We proposed a deep-learning-aided DR, AMD, and glaucoma diagnostic framework that takes combined 3D structural OCT and OCTA data as inputs. Our framework achieved reliable performance on the diagnosis of each disease for which it was designed, and produces 3D CAMs that can be used to interpret the model’s decision-making. By using our framework, the number of scanning procedures and eye exams required for the diagnosis of the three different eye diseases was reduced to just a single OCT/OCTA procedure. In addition, by using 3D data as inputs, our framework can totally avoid the influences from unstable retinal layer segmentation. At last, our results show that the biomarker-agnostic framework based on 3D OCT and OCTA could be beneficial for clinical practice.
Financial Support: National Institutes of Health (R01 EY027833, R01 EY024544, R01 EY031394, R01 EY023285, T32 EY023211, UL1TR002369, P30 EY010572); Unrestricted Departmental Funding Grant and William & Mary Greve Special Scholar Award from Research to Prevent Blindness (New York, NY); Bright Focus Foundation (G2020168).
The sponsor or funding organization had no role in the design or conduct of this research.
Conflict of Interest: Oregon Health & Science University (OHSU), Yali Jia and David Huang have a significant financial interest in Visionix, Inc.

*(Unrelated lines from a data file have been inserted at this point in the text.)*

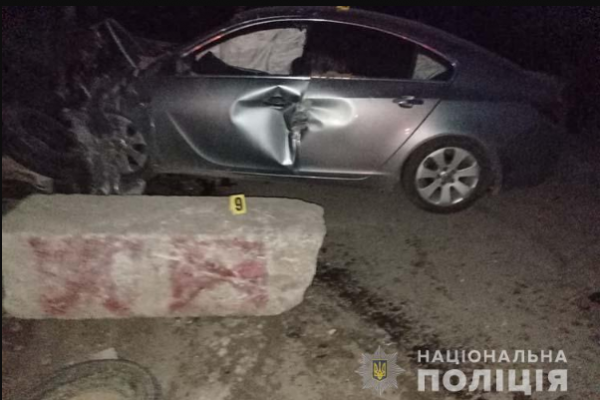 Аварія на Чортківщині: бетонні блоки зупинили автомобіль, є травмовані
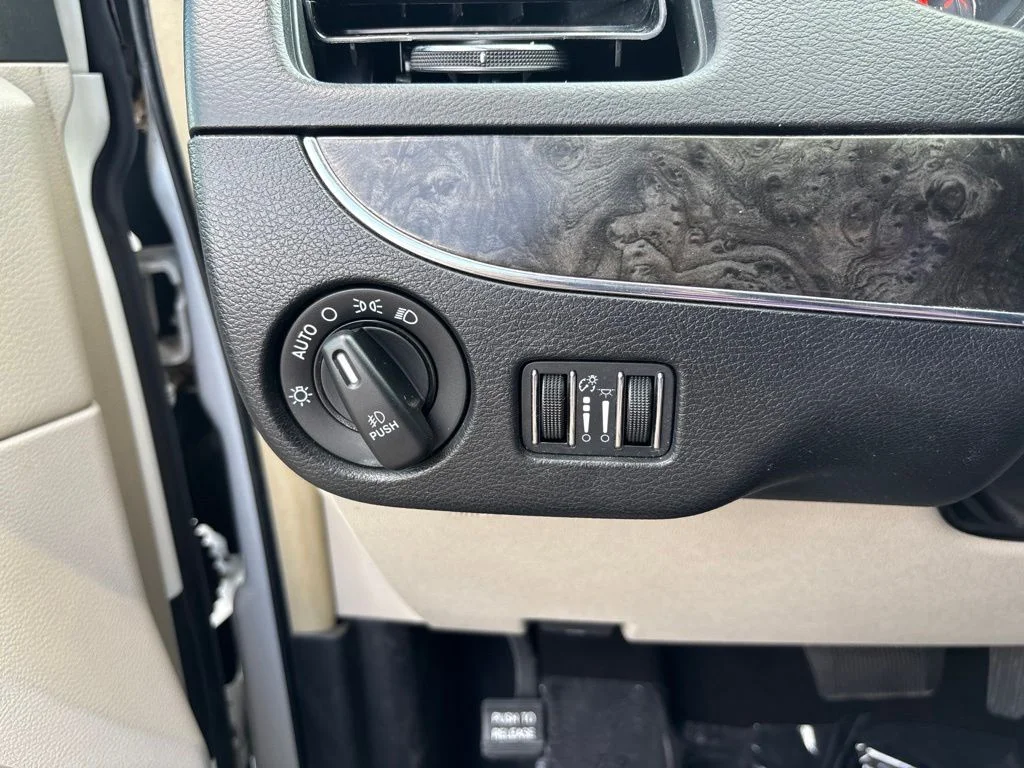 Used 2014 White Chrysler Touring image 13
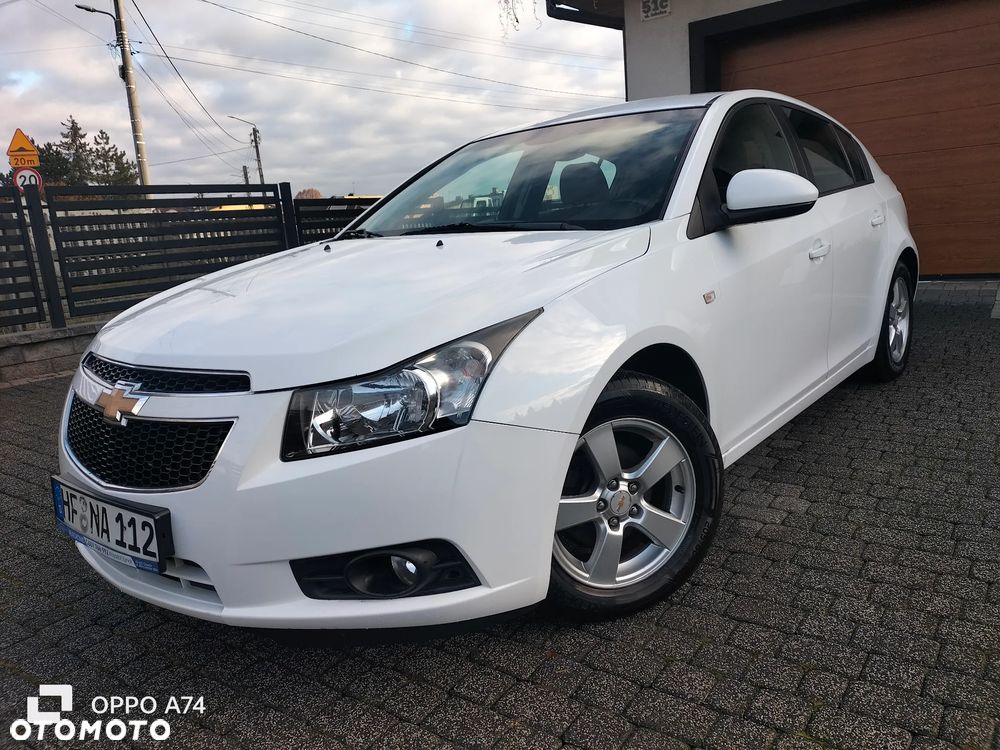 Chevrolet Cruze 1.6 LT+ - 1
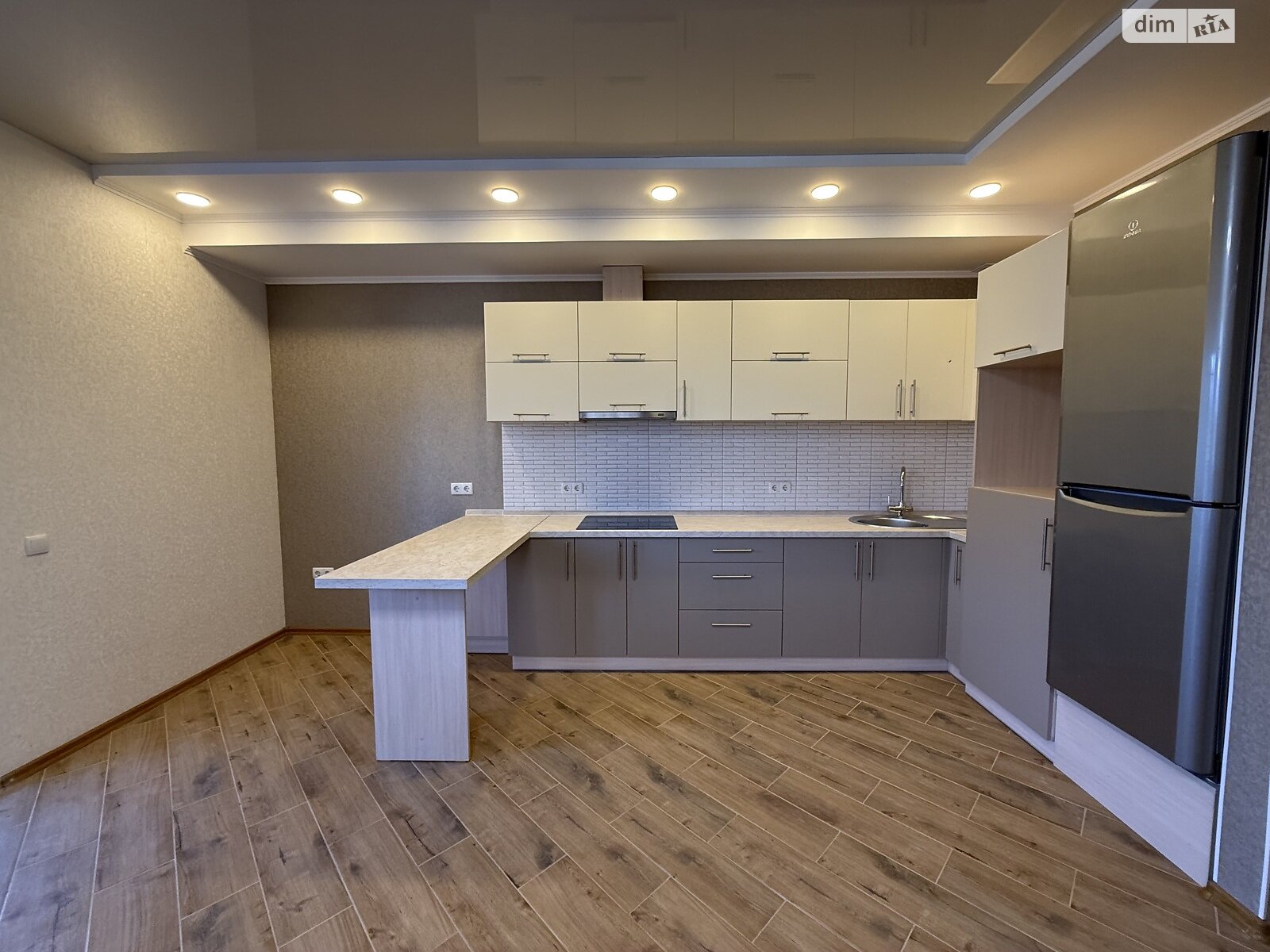 двухэтажный таунхаус, 110 кв. м, кирпич. Продажа в Агрономичном фото 1 двухэтажный таунхаус, 110 кв. м, кирпич. Продажа в Агрономичном фото 1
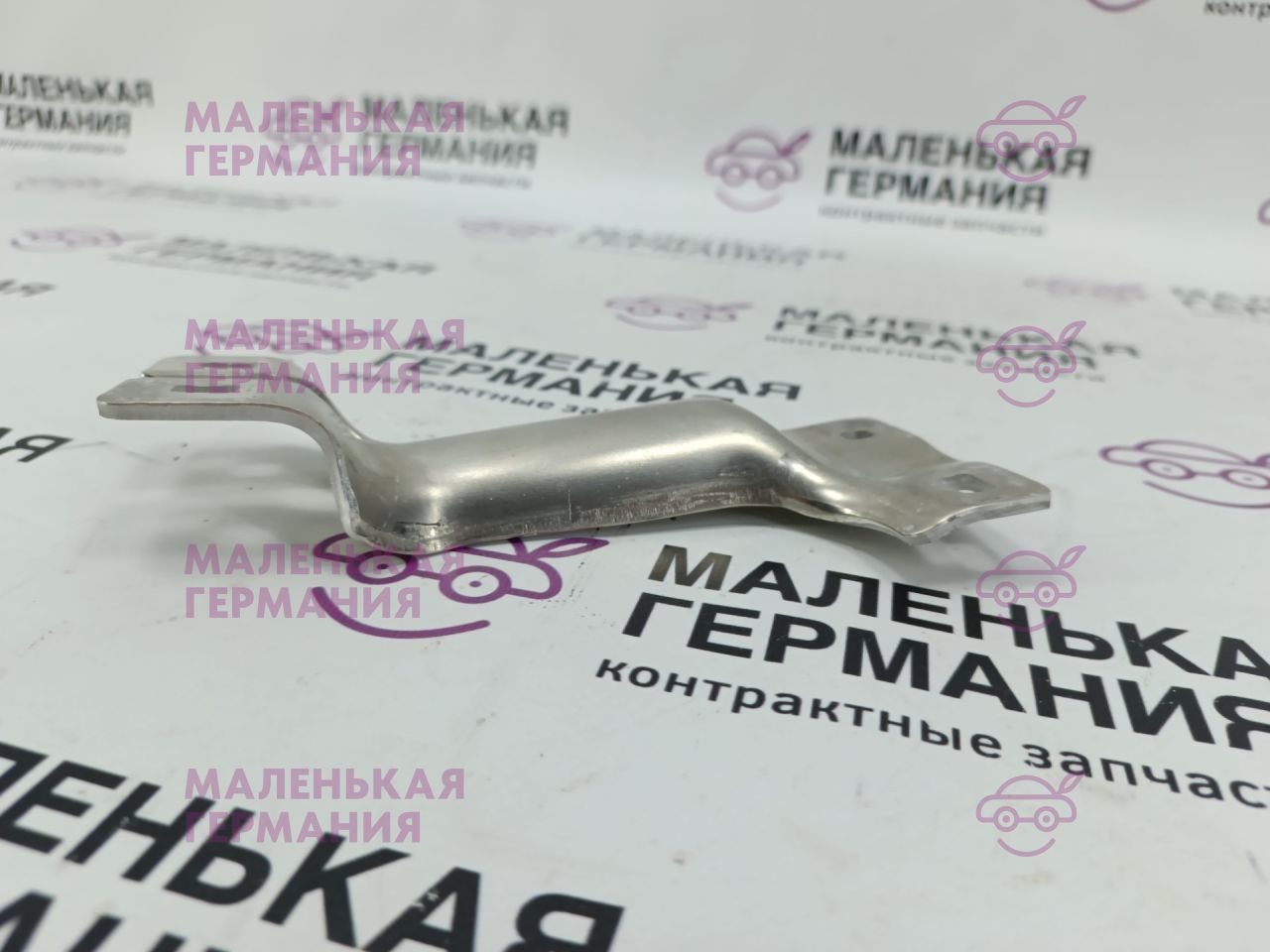 кронштейн (крепление) BMW 5 серия G30/G31 G30 2019, 4.4 л., N63 B44 C, бензин, АКПП, carbonschwarz metallic (416), седан, полный привод, 51117357179, 7357179 - фото №1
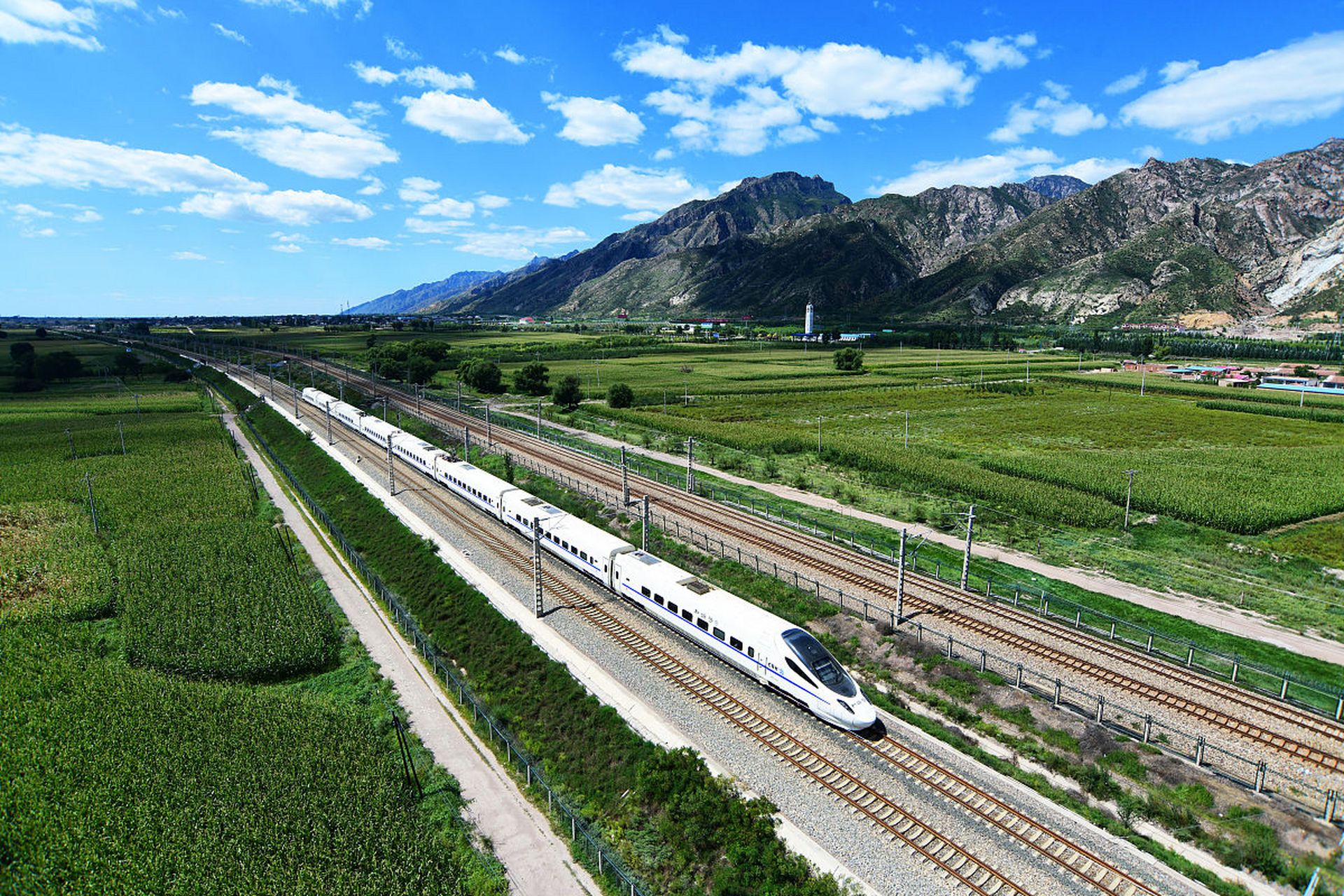 兰新高铁即将于七月一日复修后全面正式运营,这一好消息无疑让广大游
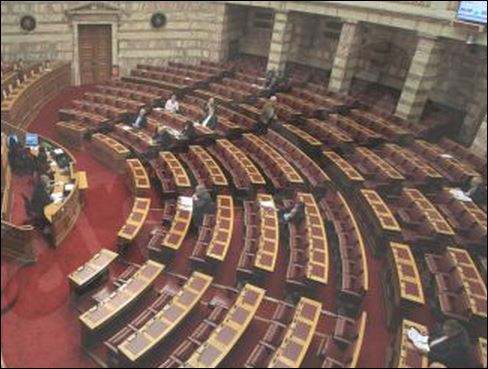 ΦΩΤΟ-“Τρεις κι ο κούκος” στη βουλή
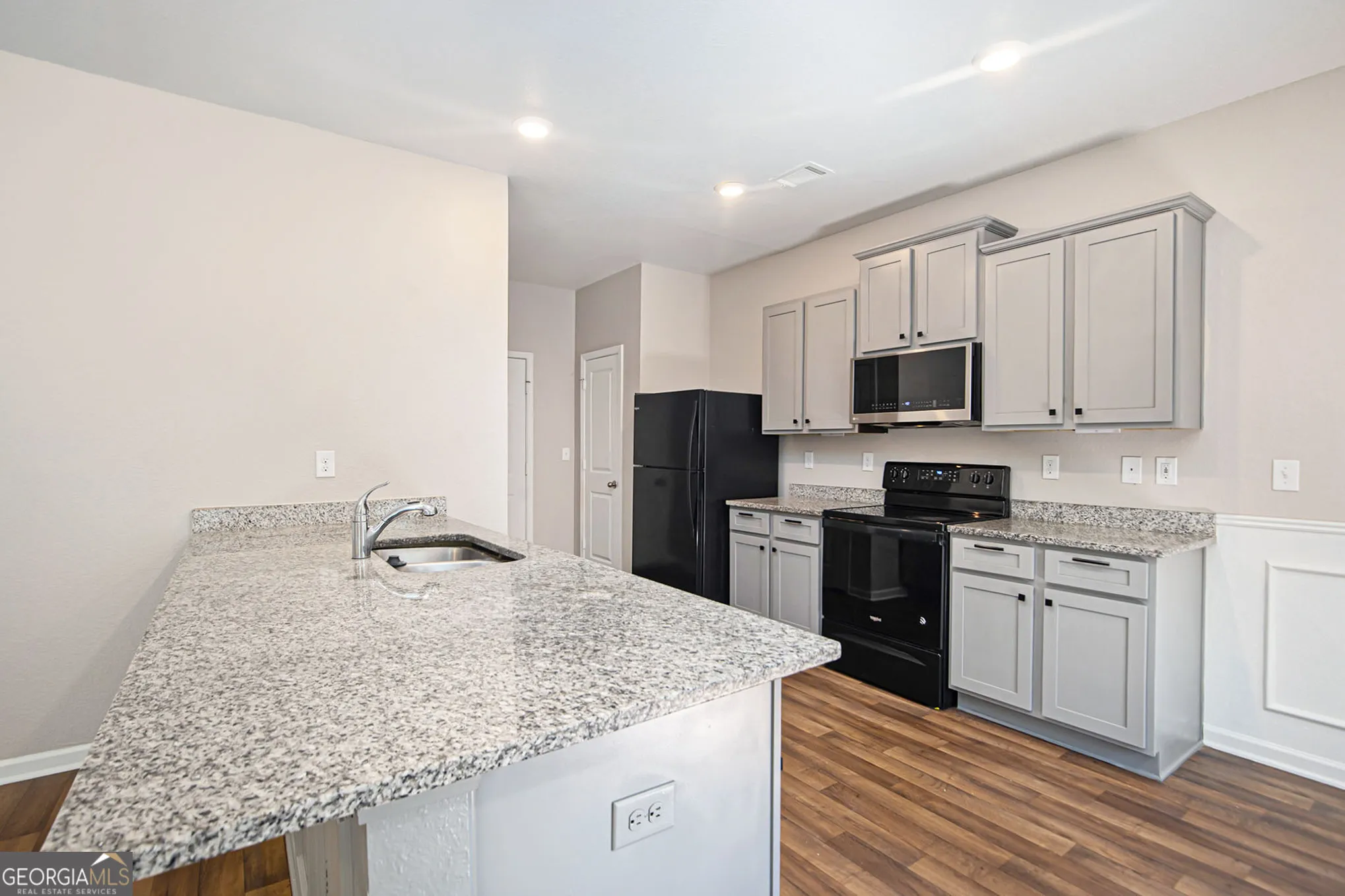 4702 Moccasin Ct — photo 4 of 32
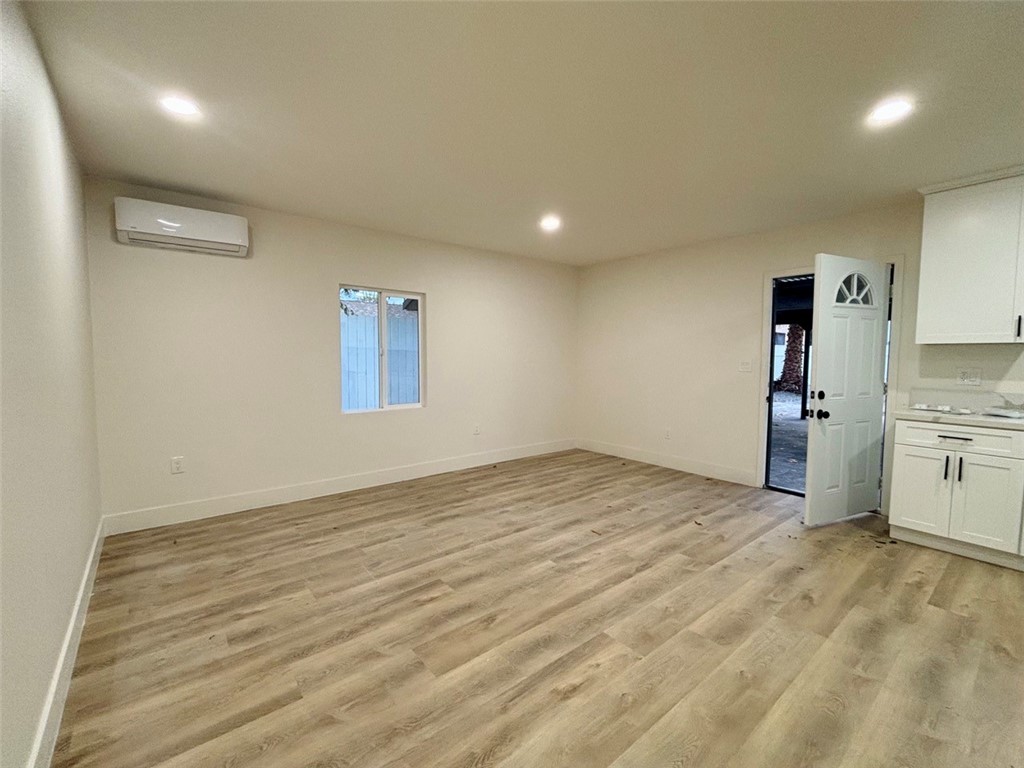1255 W 9TH STREET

Yali Jia has a significant financial interest in Optos, Inc. These potential conflicts of interest have been reviewed and managed by OHSU.
Address for reprints: 515 SW Campus Dr., CEI 3154, Portland, Oregon 97239-4197
We proposed a deep learning framework for the diagnosis of diabetic retinopathy, age-related macular degeneration, and glaucoma based on volumetric optical coherence tomography and its angiography. Three-dimensional class activation maps were also generated.